Top of RECORDS FOR PROCESSING

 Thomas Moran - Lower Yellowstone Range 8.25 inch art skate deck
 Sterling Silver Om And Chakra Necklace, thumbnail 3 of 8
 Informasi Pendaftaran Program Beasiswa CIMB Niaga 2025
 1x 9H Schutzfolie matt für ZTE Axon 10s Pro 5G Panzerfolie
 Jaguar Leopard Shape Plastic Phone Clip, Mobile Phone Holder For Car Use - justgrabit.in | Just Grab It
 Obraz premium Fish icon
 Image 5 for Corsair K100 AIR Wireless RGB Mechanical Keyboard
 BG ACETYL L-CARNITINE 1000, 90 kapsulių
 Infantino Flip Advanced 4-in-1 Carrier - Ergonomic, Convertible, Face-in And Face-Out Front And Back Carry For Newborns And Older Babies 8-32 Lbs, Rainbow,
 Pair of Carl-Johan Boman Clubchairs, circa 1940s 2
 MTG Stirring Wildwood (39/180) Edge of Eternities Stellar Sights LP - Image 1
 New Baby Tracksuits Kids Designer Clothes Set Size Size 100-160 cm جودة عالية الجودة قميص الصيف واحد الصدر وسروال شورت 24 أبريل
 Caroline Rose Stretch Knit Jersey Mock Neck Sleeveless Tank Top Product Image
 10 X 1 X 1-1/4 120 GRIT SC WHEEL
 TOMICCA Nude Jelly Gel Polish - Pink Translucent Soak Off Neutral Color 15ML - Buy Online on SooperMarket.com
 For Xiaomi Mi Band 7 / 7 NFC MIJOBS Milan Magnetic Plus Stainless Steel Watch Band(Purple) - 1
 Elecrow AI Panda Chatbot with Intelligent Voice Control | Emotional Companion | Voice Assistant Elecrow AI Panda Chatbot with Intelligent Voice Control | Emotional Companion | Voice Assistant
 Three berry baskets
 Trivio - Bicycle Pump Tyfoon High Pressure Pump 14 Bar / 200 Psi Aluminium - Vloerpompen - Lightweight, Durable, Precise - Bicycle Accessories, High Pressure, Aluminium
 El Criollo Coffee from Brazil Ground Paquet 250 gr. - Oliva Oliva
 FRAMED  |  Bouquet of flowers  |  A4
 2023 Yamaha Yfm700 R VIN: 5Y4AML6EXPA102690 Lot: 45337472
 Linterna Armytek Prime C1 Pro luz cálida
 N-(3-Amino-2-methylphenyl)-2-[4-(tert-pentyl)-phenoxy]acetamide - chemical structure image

Bottom of RECORDS FOR PROCESSING

The whole listing, restated word for word, is the expected answer.

**EXERCISE RESPONSE:**
 Thomas Moran - Lower Yellowstone Range 8.25 inch art skate deck
 Sterling Silver Om And Chakra Necklace, thumbnail 3 of 8
 Informasi Pendaftaran Program Beasiswa CIMB Niaga 2025
 1x 9H Schutzfolie matt für ZTE Axon 10s Pro 5G Panzerfolie
 Jaguar Leopard Shape Plastic Phone Clip, Mobile Phone Holder For Car Use - justgrabit.in | Just Grab It
 Obraz premium Fish icon
 Image 5 for Corsair K100 AIR Wireless RGB Mechanical Keyboard
 BG ACETYL L-CARNITINE 1000, 90 kapsulių
 Infantino Flip Advanced 4-in-1 Carrier - Ergonomic, Convertible, Face-in And Face-Out Front And Back Carry For Newborns And Older Babies 8-32 Lbs, Rainbow,
 Pair of Carl-Johan Boman Clubchairs, circa 1940s 2
 MTG Stirring Wildwood (39/180) Edge of Eternities Stellar Sights LP - Image 1
 New Baby Tracksuits Kids Designer Clothes Set Size Size 100-160 cm جودة عالية الجودة قميص الصيف واحد الصدر وسروال شورت 24 أبريل
 Caroline Rose Stretch Knit Jersey Mock Neck Sleeveless Tank Top Product Image
 10 X 1 X 1-1/4 120 GRIT SC WHEEL
 TOMICCA Nude Jelly Gel Polish - Pink Translucent Soak Off Neutral Color 15ML - Buy Online on SooperMarket.com
 For Xiaomi Mi Band 7 / 7 NFC MIJOBS Milan Magnetic Plus Stainless Steel Watch Band(Purple) - 1
 Elecrow AI Panda Chatbot with Intelligent Voice Control | Emotional Companion | Voice Assistant Elecrow AI Panda Chatbot with Intelligent Voice Control | Emotional Companion | Voice Assistant
 Three berry baskets
 Trivio - Bicycle Pump Tyfoon High Pressure Pump 14 Bar / 200 Psi Aluminium - Vloerpompen - Lightweight, Durable, Precise - Bicycle Accessories, High Pressure, Aluminium
 El Criollo Coffee from Brazil Ground Paquet 250 gr. - Oliva Oliva
 FRAMED  |  Bouquet of flowers  |  A4
 2023 Yamaha Yfm700 R VIN: 5Y4AML6EXPA102690 Lot: 45337472
 Linterna Armytek Prime C1 Pro luz cálida
 N-(3-Amino-2-methylphenyl)-2-[4-(tert-pentyl)-phenoxy]acetamide - chemical structure image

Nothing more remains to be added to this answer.